Odour emissions from water surfaces such as primary tanks or aeration tanks in waste water treatment plant have become an increasing nuisance to the neighboring communities. In order to assess the odour nuisance level, the flux chamber technique has been used to quantify the odour emissions from the water surfaces. However, field measurements with portable wind tunnels have indicated that the odour emissions are highly dependent on environmental variables, such as wind speed and temperature. In the past some studies indicated that flux chamber technique underestimates the odour emissions. The transfer of odour between the air and water is governed by turbulent and molecular transport processes. Both transport processes can be characterized by diffusion coefficients and the concentration gradient between air and water surface. Away from the water surface, the turbulent transfer is typically orders of magnitude higher than the molecular transfer. We developed a two-step approach for estimating odour emissions from the water surfaces and our approach is based on turbulent transfer.

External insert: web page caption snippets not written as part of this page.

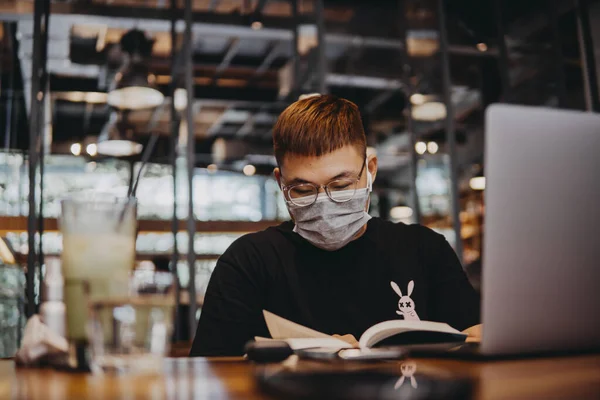 아시아인 젊은이 카페에 있어요 라이프 스타일 남자가 마스크를 있다고 초상화 — 스톡 사진
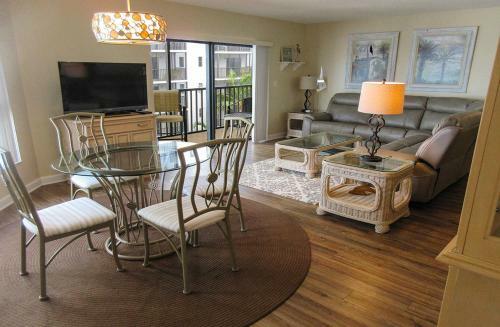 Island Winds #501 Apartment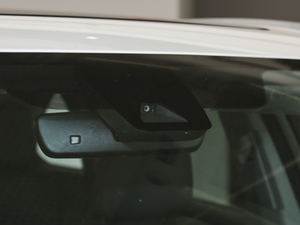 20182.0T (q)A 7 (x)(ji)^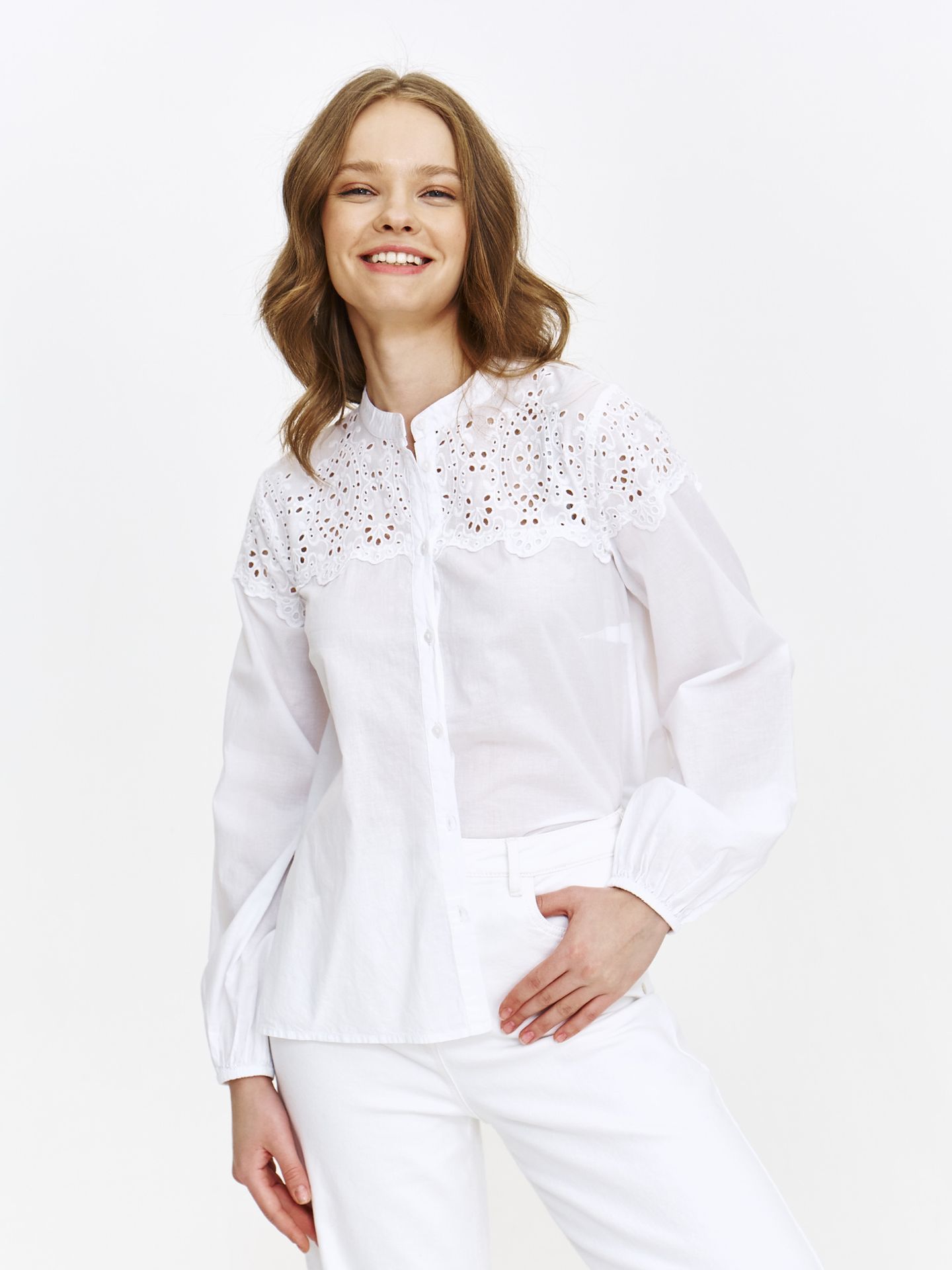 Biała koszula z ozdobnym haftem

The first step uses the static flux chamber to measure the odour concentration gradient between the air and water surface. The second step quantifies the odour emission rates by applying the turbulent transfer rates estimated by a micrometeorological model. We applied this approach to one waste water treatment plant to quantify the odour emission rates from aeration tanks and aerobic bio-solids complexes. In order to verify our approach, we measured the ambient odour concentrations at various downwind distances under different meteorological conditions and input the quantified odour emission rates into an air dispersion model (the US EPA AERMOD model), to predict the downwind odour concentrations. In this study, the modelled and measured downwind ambient odour concentrations agree well, demonstrating that this approach is plausible and can be applied to other surfaces as well.